Alors le mouride dit « je l’ai
rendu doux ».Et dans la vie de tous les jours quand on demande à un
mouride comment il va. Il répond toujours « Sant rekk », « maangui sant
bu baax » « sant ak muñ » « sant ak muuñ »ou « sant bay fecc » ou
« sant, muñ ak moytu »selon son haal ou ses épreuves. Alors si l’on
sait que « sant », chukr en arabe ou rendre grâce a comme contraire «
kuffr » « weddi », comme nous l’a enseigné Cheikh Saalih, on prend
toute la mesure du langage mouride qui est un véritable musulman, celui
qui est soumis à la volonté divine contrairement au rebelle.
Aujourd’hui le sénégalais a adopté ce mode de salutation .Après le
salam d’usage, quand tu demanderas à n’importe quel sénégalais comment
il va , il te répondra « maangui sant » c’est à dire DIEU merci. Mais
continuons notre voyage au pays du langage des soufis mourides. Ainsi
on verra que le mouride est tellement probe, tellement prudent que
quand on lui demande si quelqu’un est entrain de dormir ou pas, si
quelqu’un s’est réveillé ou pas, il répondra « qu’il na pas encore
ouvert ses portes, ubeegul.
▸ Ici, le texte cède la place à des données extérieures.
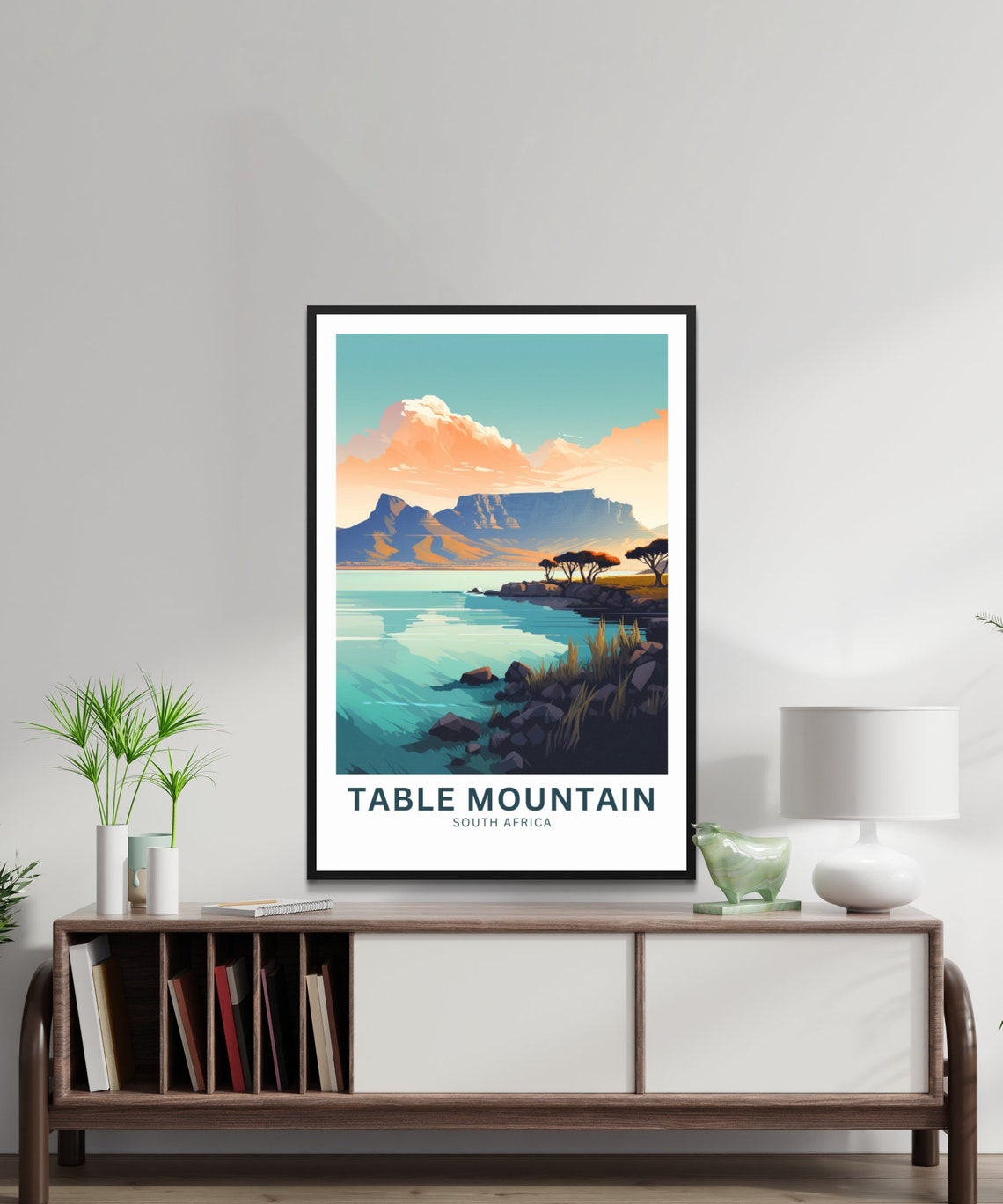 Table Mountain Coastal Sunset Personalized South Africa Poster - Image 2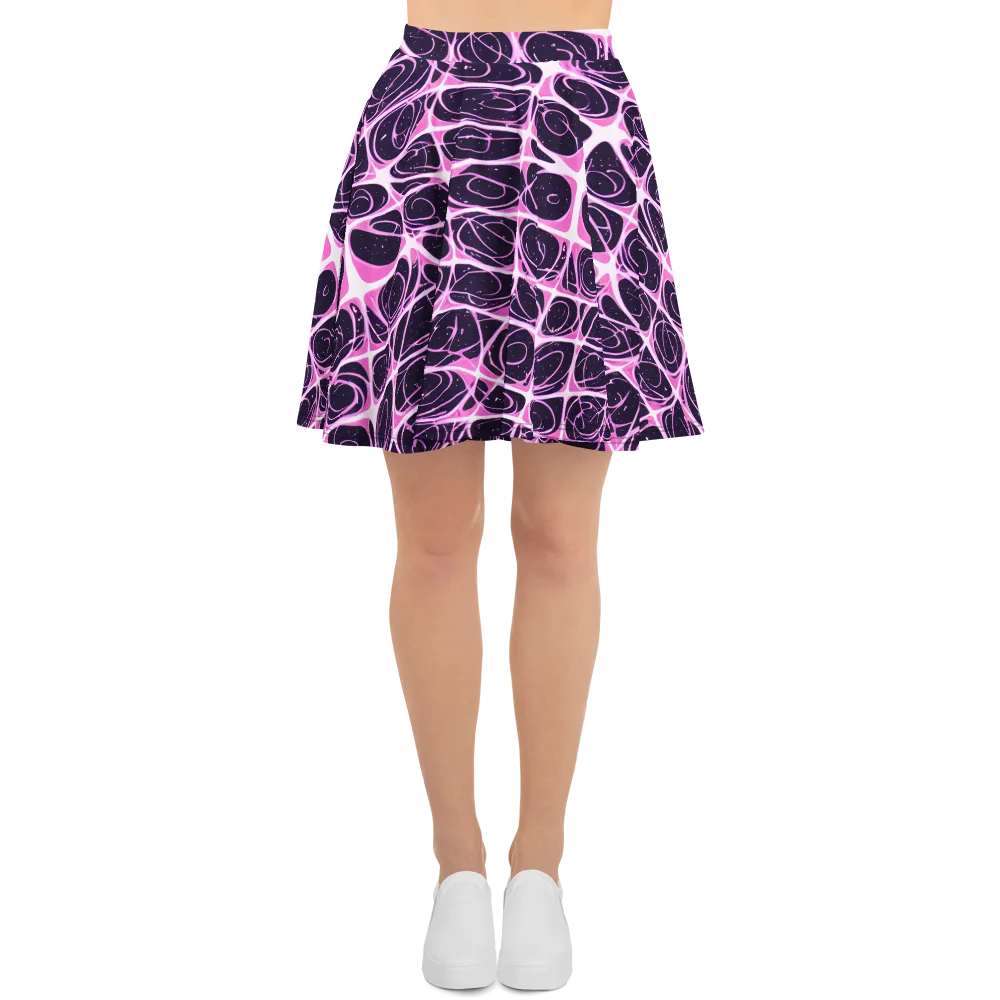 Pink Nebula on Skater Skirt — Front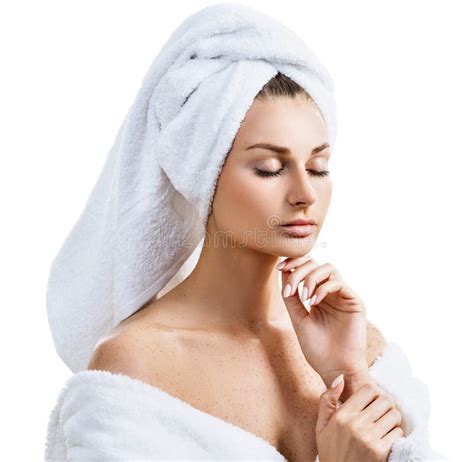 Young Sensual Woman With Bath Towel On Head Stock Image Image Of Lady Moistening 123247923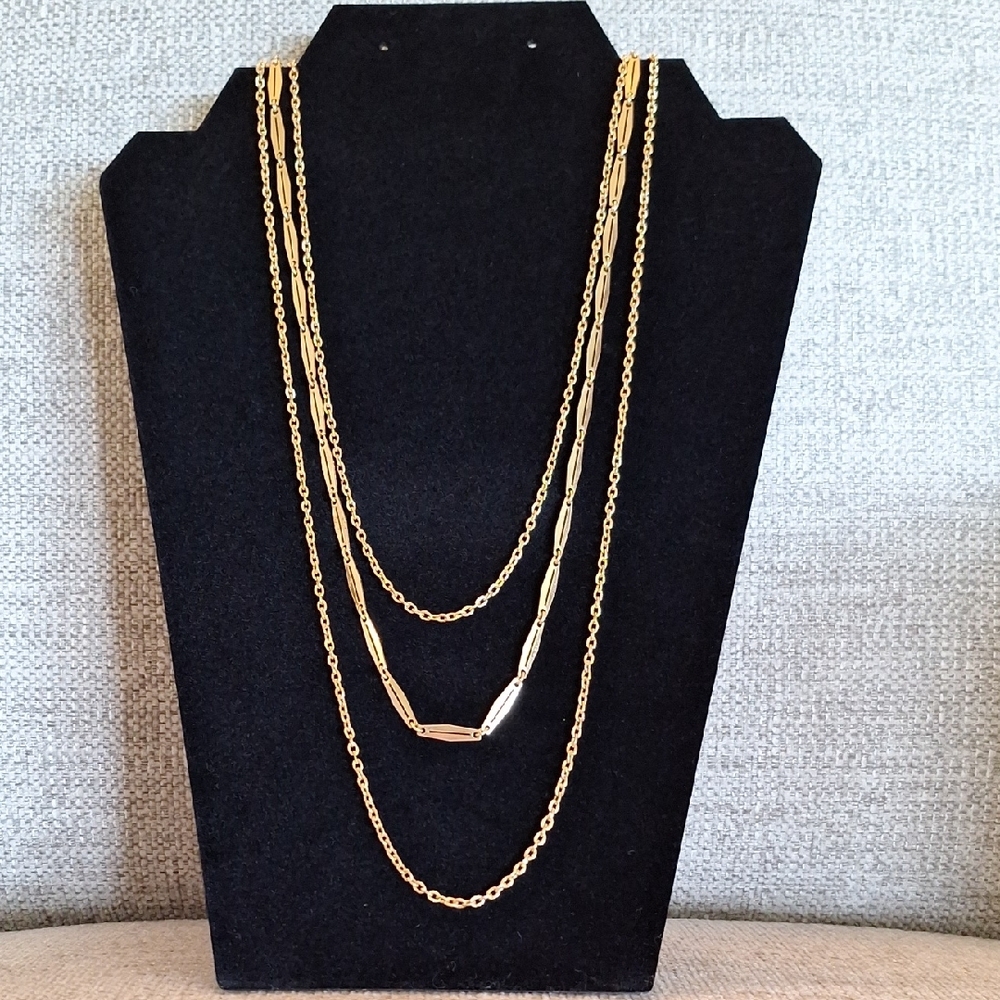 Classic Triple Strand Layered Beeline Gold Tone Chain Necklace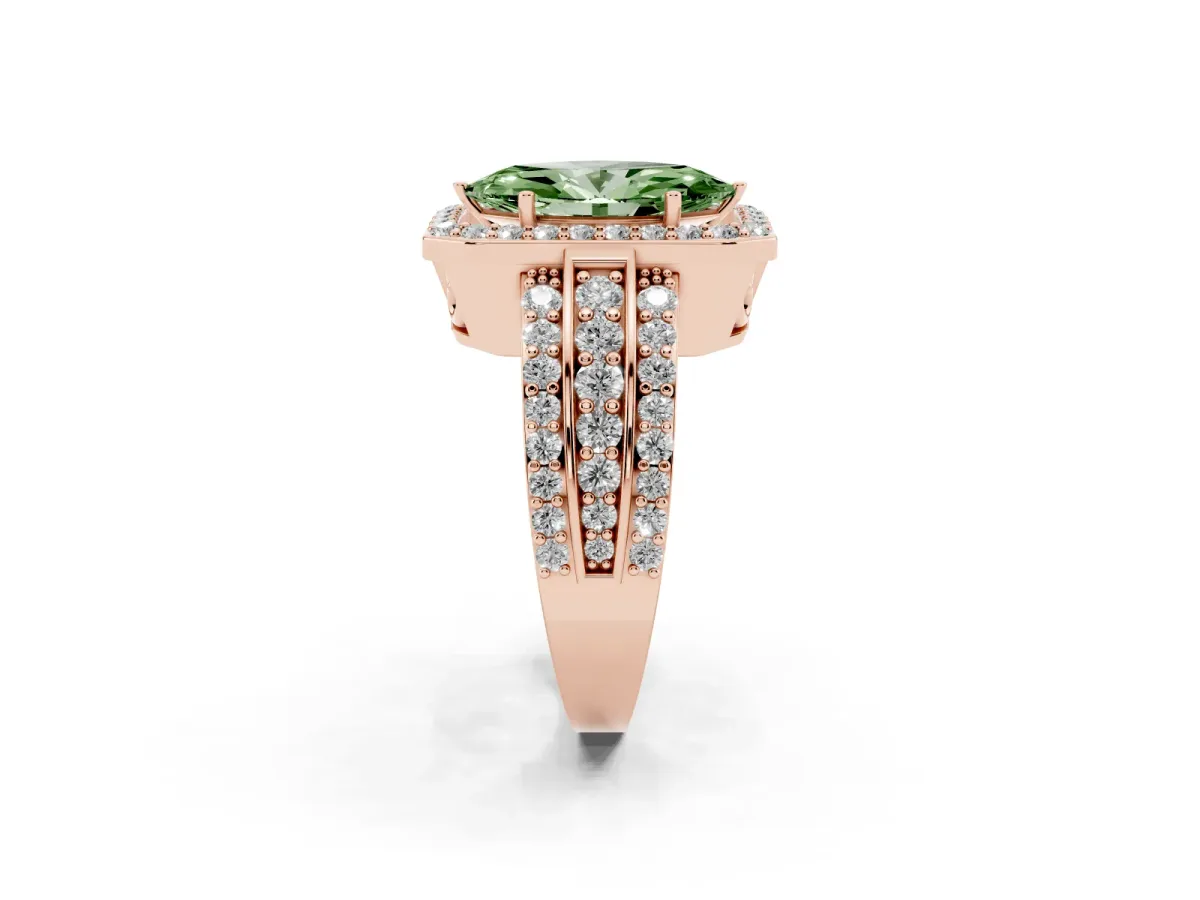 Fancy Green Marquise Cut Halo Diamond Ring with Round Split Shank and Prong Setting Rose gold
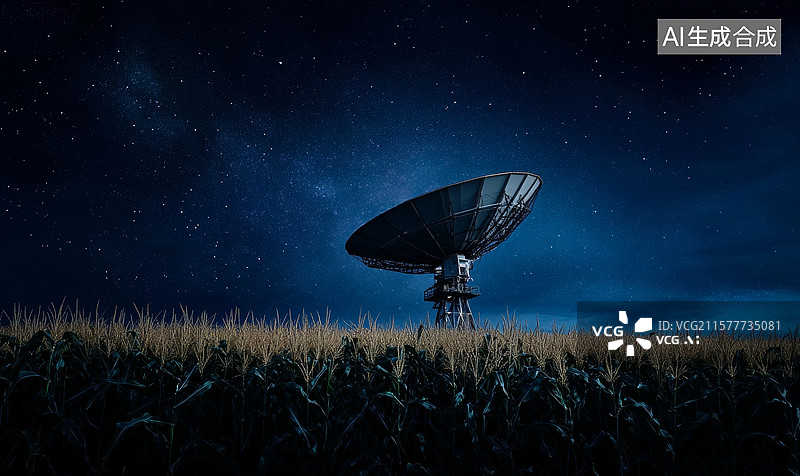【AI数字艺术】夜空下的观测站图片素材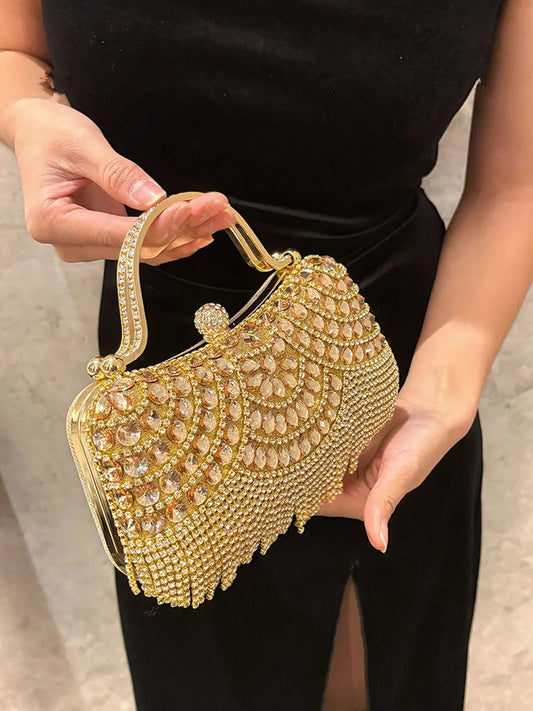 Women's Rhinestone Evening Clutch Bag | Metallic Frame Purse for Wedding & Party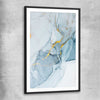 Golden Veins One black glass front frame - part of our high quality canvas abstract wall art collection
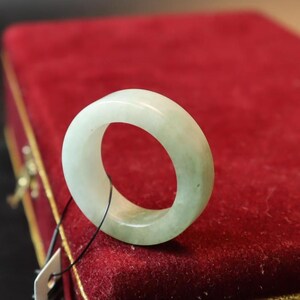 8 1/8USUnisex Natural Grade A Emerald Green Jadeite Ring | Broad Burmese Jade Band with Translucent Sheen | Symbol of Good Fortune Strength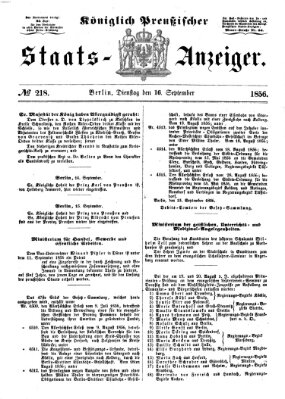 Königlich Preußischer Staats-Anzeiger (Allgemeine preußische Staats-Zeitung) Dienstag 16. September 1856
Car il ne sait pas ce qui se passe à
l’intérieur. Rien ne lui indique ce qu’est entrain de faire la personne.
Un croyant ne doit pas avancer des propos dont il n’est pas sûr.
Jullit day Maandu. Quant à sa maison, le mouride l’appelle « dall bi »
ou « lieu d’hébergement » car comme un voyageur, il n’est que passager
dans cette maison quelle que soit la solidité des colonnes qui
retiennent la bâtisse. Nos véritables demeures ne sont elles pas le
paradis pour les vertueux .
Ce langage mouride inspiré par la
crainte divine et voilé de sagesse est aussi empreint du respect de
l’autre. Ainsi quel que soit le genre masculin en face, le mouride
l’appellera « Serigne bi » car Serigne bi, c’est le qualificatif le
plus respectueux, l’état le plus noble auquel aspire un musulman.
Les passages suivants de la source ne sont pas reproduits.